Exercise prompt: Write every entry out again with no changes, and leave the images behind.

Supplied data:
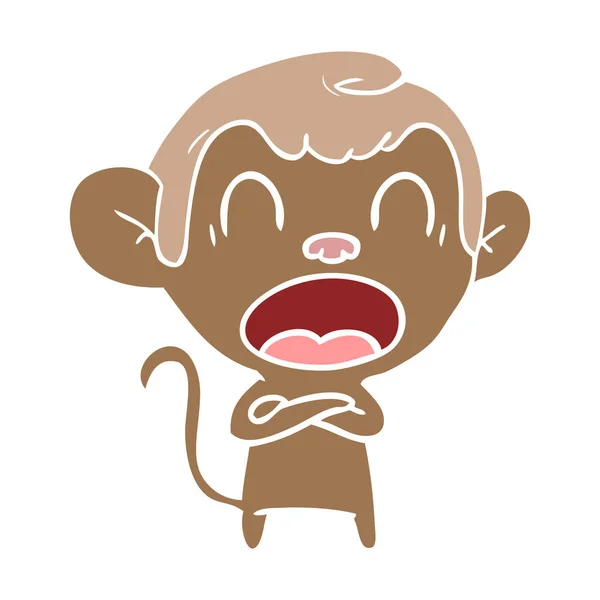 Shouting Flat Color Style Cartoon Monkey — стоковый вектор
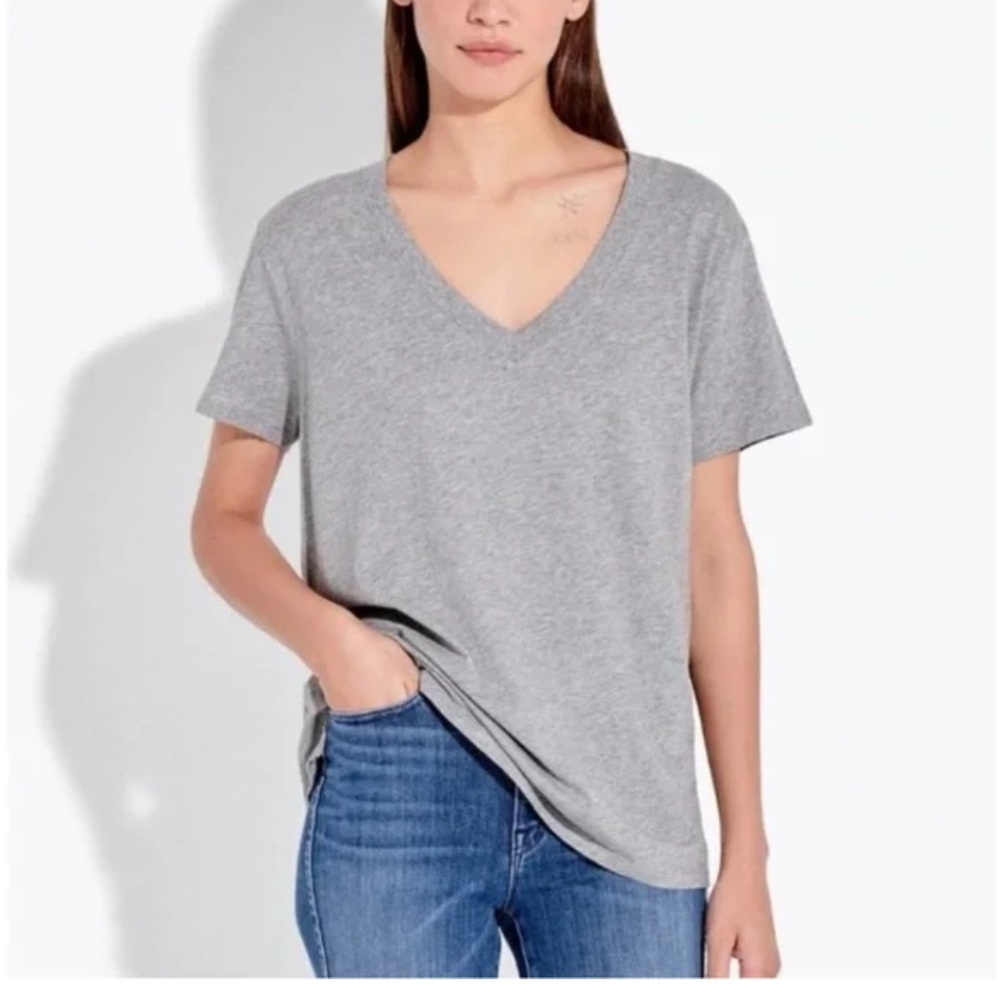 AYR The Vito Short Sleeve V-neck T-shirt in Gray Minimalist Basic Women's Medium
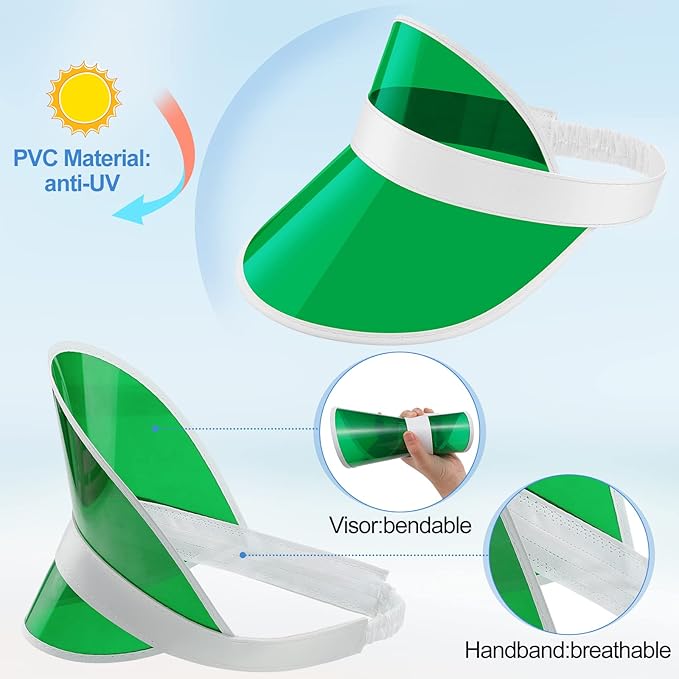 JenPen 12 Pack Unisex Plastic Sun Visors Hats Clear UV Protection Poker Cap for Men Women Sports Outdoor Golf Activities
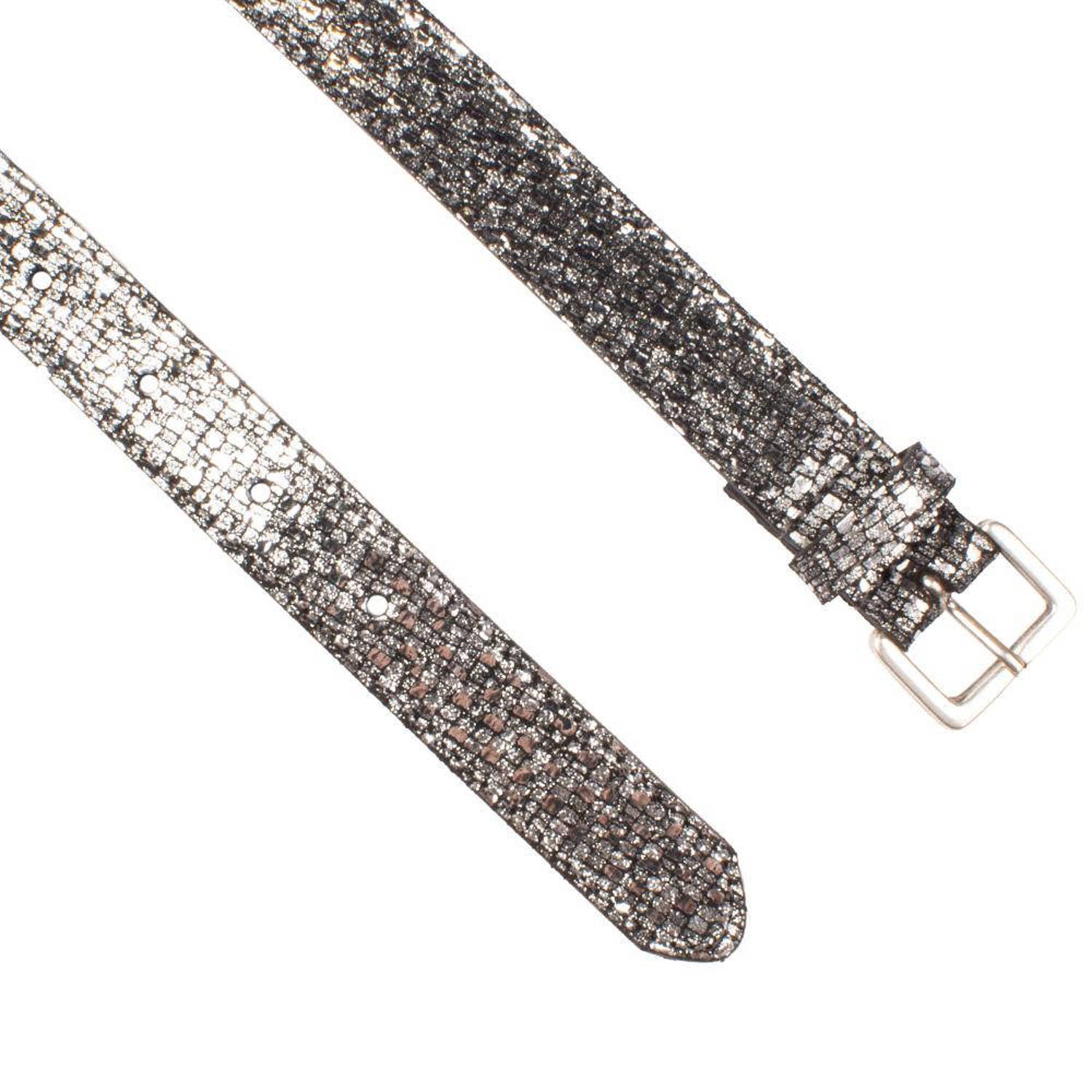 Legend metallic leren riem zilverkleurig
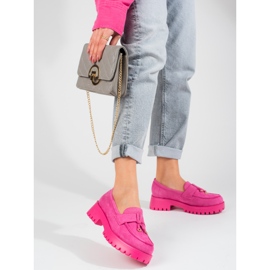 Mocasines plataforma Shelovet ante rosa rosado 1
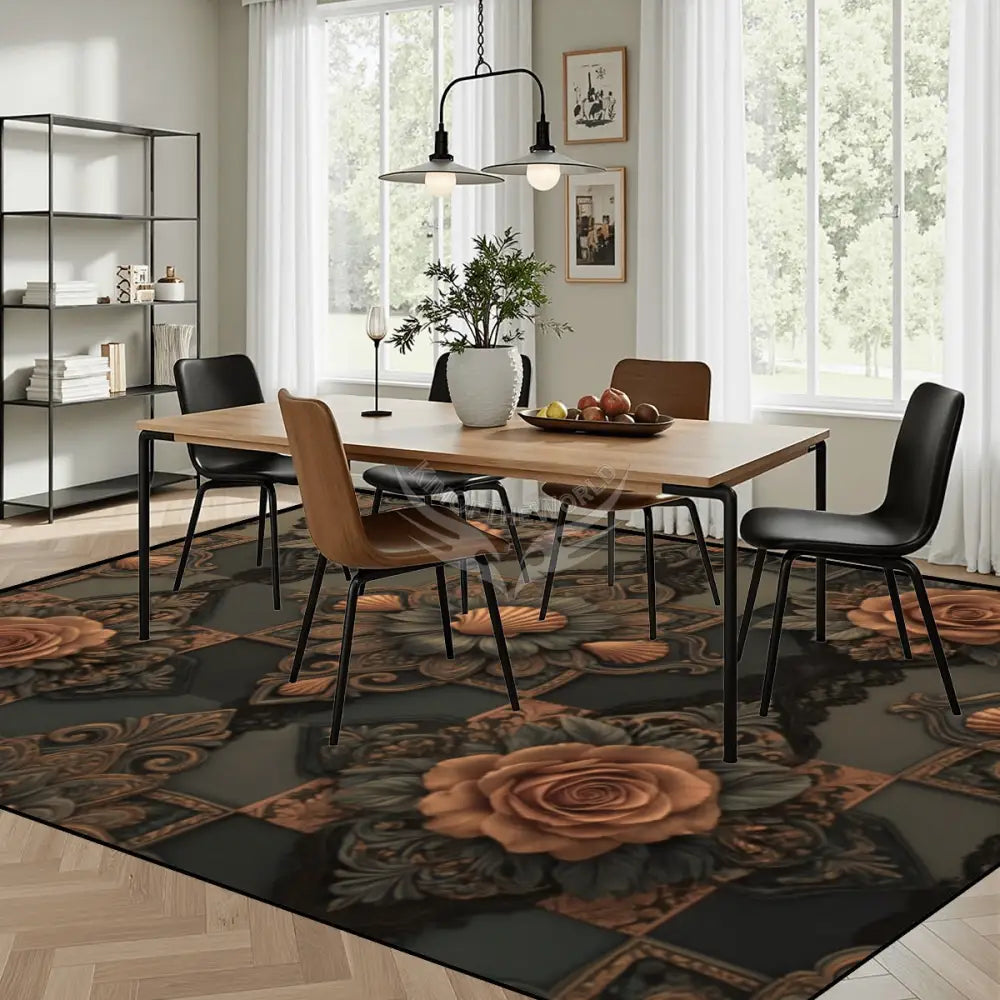 3D Floral Rose Dark Copper Orange Chocolate Large Area Rug Floor Carpet (4:3) 144’’x108’’ Rugs & Mats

Result of this exercise:
 Shouting Flat Color Style Cartoon Monkey — стоковый вектор
 AYR The Vito Short Sleeve V-neck T-shirt in Gray Minimalist Basic Women's Medium
 JenPen 12 Pack Unisex Plastic Sun Visors Hats Clear UV Protection Poker Cap for Men Women Sports Outdoor Golf Activities
 Legend metallic leren riem zilverkleurig
 Mocasines plataforma Shelovet ante rosa rosado 1
 3D Floral Rose Dark Copper Orange Chocolate Large Area Rug Floor Carpet (4:3) 144’’x108’’ Rugs & Mats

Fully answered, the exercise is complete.